The Current Crisis in the Middle East and the perils
of taking sides
by Rabbi Elli Tikvah-Sarah, 05 August 2006
The crisis in the Middle East continues. We look on, with anguish,
as rockets explode on one side; bombs on the other. Two sides?
Israel on the one side; Hizbollah & Lebanon, on the other?
Which ‘side’ are you on? If the media is anything
to go by, that’s the question of the day. But it’s
not really a question – more of an assumption: There are
two sides in the conflict, and either you’re on the side
of Lebanon, or you’re on the side of Israel. Interesting,
isn’t it, that as most of the media calls us to side with
Lebanon, Hizbollah is somehow left out of the equation. In fact,
the overall media presentation is much more crude even than
this as a tabloid style predominates: Either: you’re on
the side of women and children in Lebanon; or you’re on
the side of the Israeli army machine. It’s not surprising
that when taking sides is the order of the day, and it’s
a choice between the ‘powerful’ on the one ‘side’,
and the ‘weak’ on the other, most people are, of
course, siding with the women and children in Lebanon.

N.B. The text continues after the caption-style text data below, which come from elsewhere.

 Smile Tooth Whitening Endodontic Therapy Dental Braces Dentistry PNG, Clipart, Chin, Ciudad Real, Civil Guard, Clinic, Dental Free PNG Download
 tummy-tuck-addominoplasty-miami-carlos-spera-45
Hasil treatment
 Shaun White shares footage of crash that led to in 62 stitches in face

If the continuing destruction and bloodshed was not bad enough,
the current conflict has also served to expose a chronic malaise
that seems to have become rampant in the heat of the media frenzy:
An impulse towards binary thinking and feeling; the impulse
to see everything in dualistic terms: Either you’re for
war; or you’re for peace; either you’re for Israel,
or you’re for Lebanon. And it’s worse, even than
this: Once you’ve taken sides, everything else falls into
place: On one side, the aggressor; on the other side, the victims.

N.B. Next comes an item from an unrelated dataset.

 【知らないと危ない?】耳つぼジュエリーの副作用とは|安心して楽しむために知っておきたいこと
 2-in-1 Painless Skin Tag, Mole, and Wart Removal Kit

It’s David and Goliath all over again. There is no room
in this binary universe for complexity and dissonance and contradiction.
No room to see that there are aggressors on both sides; victims
on both sides; fear on both sides.
I don’t want to take sides; I refuse to be for Israel
or for Lebanon, just as I refuse to be for Israel or for Palestine.
I am for Israel and for Lebanon and for Palestine. And more
than this, I am ‘for’ the complexity that is Israel,
the complexity that is Lebanon, the complexity that is Palestine.
There are many Israels; many Lebanons; many Palestines. As a
nation made up largely of Jewish immigrants from all over the
world, Israel is perhaps the most culturally complex society
in the region, encompassing, too, orthodox, progressive and
secular Jews, and a kaleidoscope of political allegiances, as
well as Arab Israelis, Druze and Bedouin. But Lebanon is also
complex: Don’t Christian Lebanese and secular Lebanese
and Sunni Lebanese and Shi’a Lebanese and Druze Lebanese
have different perspectives and experiences? And Palestinians,
too, cannot be easily pigeon-holed: There are Palestinian Christians
and Palestinian Muslims; there are religious Palestinians and
secular Palestinians, and Palestinians support a variety of
different political groups.
Reality is always complex. How hard it is to remember this,
and bear witness to this, as our intellectual awareness crumbles
under the massive weight of our feelings, manipulated as they
are, on a daily basis by the media. But this split between intellect
and feeling is also false. The problem is not simply, too much
emotion and too little reason. The binary impulse not only involves
a denial of complexity, it also exposes a deep lack of empathy
for the other, for those we perceive to be on the ‘other’
side. All our feelings of compassion are directed solely at
those with whom we identify, with those whom we see as the victims,
the good guys; the people like us. We need to think and to feel:
We need to think in ways that acknowledge the complexity of
reality; and we need to feel for all those involved. It’s
no good supporting Israel and caring about what happens to Israelis,
while being indifferent to the plight of Lebanon and needs and
the experiences of the Lebanese – and vice versa. It’s
no good caring about the plight of the Palestinians, while demonising
the Israelis – and vice versa.
But I recognise that there is a danger in this liberal, inclusive
approach. Not the danger of acknowledging all the parties involved
– that is essential – but the danger of ignoring
the extent to which the parties involved are themselves caught
up in the binary nightmare. It’s not just the onlookers
who are taking sides; so many of those directly involved also
find it impossible to acknowledge the humanity of the other.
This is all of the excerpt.